EB: When I started this work, it did feel like the other side to me because I’m not a gun owner myself. So when I was talking with patients who own firearms, I didn’t know what to say. It felt really awkward. But I think I have stopped viewing them as the other side. Probably the most important thing for me was recognizing my own biases and being able to break those down. 

And I think recognizing that for many gun owners, their reasons for owning firearms and the way they store them, they’re based on deeply held either beliefs or perspectives on safety, or response to fear. And these are behaviors or beliefs that are really hard to change. 

And so it’s not just about throwing numbers at people. I think sometimes there’s this implication that if we just tell people more numbers, that they’ll realize they were so wrong in owning guns and they’ll give them all up. And it doesn’t make any sense, because all of us have fears and respond to fear in different ways. And so I think it has really helped me think about the problem of firearm injuries and deaths from a different viewpoint — how do we use what’s called a harm reduction model of trying to reduce the risk of harm without requiring changes to underlying behaviors.

BW: As a researcher, is there any sort of quantifiable outcome of your coalition work?

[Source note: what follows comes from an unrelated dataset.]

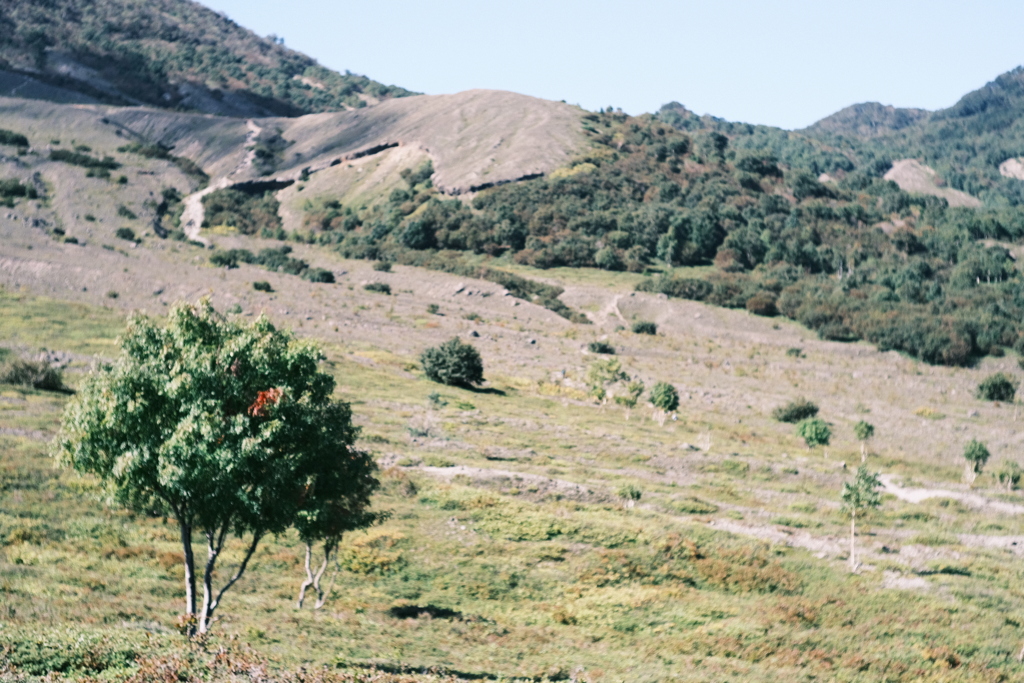 R5.09.24_夫婦登山_樽前山⑬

EB: I wish there was. We did a firearm counseling training for physicians a couple of years ago with a very small group. We did some presentations, let physicians learn about guns and then they had the opportunity to shoot if they wanted to — I don’t think clinicians actually need to go shoot to learn how to talk about this. In that very small study, participants had increased knowledge and comfort afterwards. But with the coalition itself, there’s not really anything we can measure. Although it certainly has, in my opinion, led to new projects, new ideas and then those research projects themselves eventually may have outcomes. But you can imagine these are things that are really hard to study because it’s like, how many times did you see a billboard or a poster? And so my take on it is at the end of the day, it’s at least fostering a conversation that wasn’t happening before. And I think that’s a huge impact even if I can’t put a number on it.

BW: With mass shootings, like the one in Boulder, the gun debate tends to heat up and there’s a lot of focus on legislative solutions, but why do you think it’s important to focus on community solutions? 

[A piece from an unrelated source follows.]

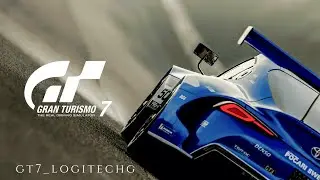 GT7 - 適当にいろいろと　マニュラウンド５のスパのロビーテストもするかもしれない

EB:  I do sometimes get involved in policy, but my research background is not in policy. For me, my research comes from my role as a clinician, and I’ve been more interested in one-on-one or community interventions. As I have been doing this work, I have felt sometimes I can have a bigger impact by staying a little bit away from policy, if that makes sense. So I do work writing and speaking, talking about evidence and talking about science. But I generally don’t get involved in lobbying or direct advocacy because I feel like sometimes the messages get twisted a lot and I’m working hard to build trust and build these relationships that are really important. 

BW: How do you find common ground to address these issues?

EB: We do have a lot of common ground here. None of us wants to be losing friends or family, gun owners don’t want these things to be happening. We might disagree on how to get there, but we have a common goal. And I think if we keep that in focus, I think it can really help. If we really want to make progress, we have to stop and listen to each other. Clearly this strategy of just yelling at each other is not working. And there’s a lot of good that I think we can do together.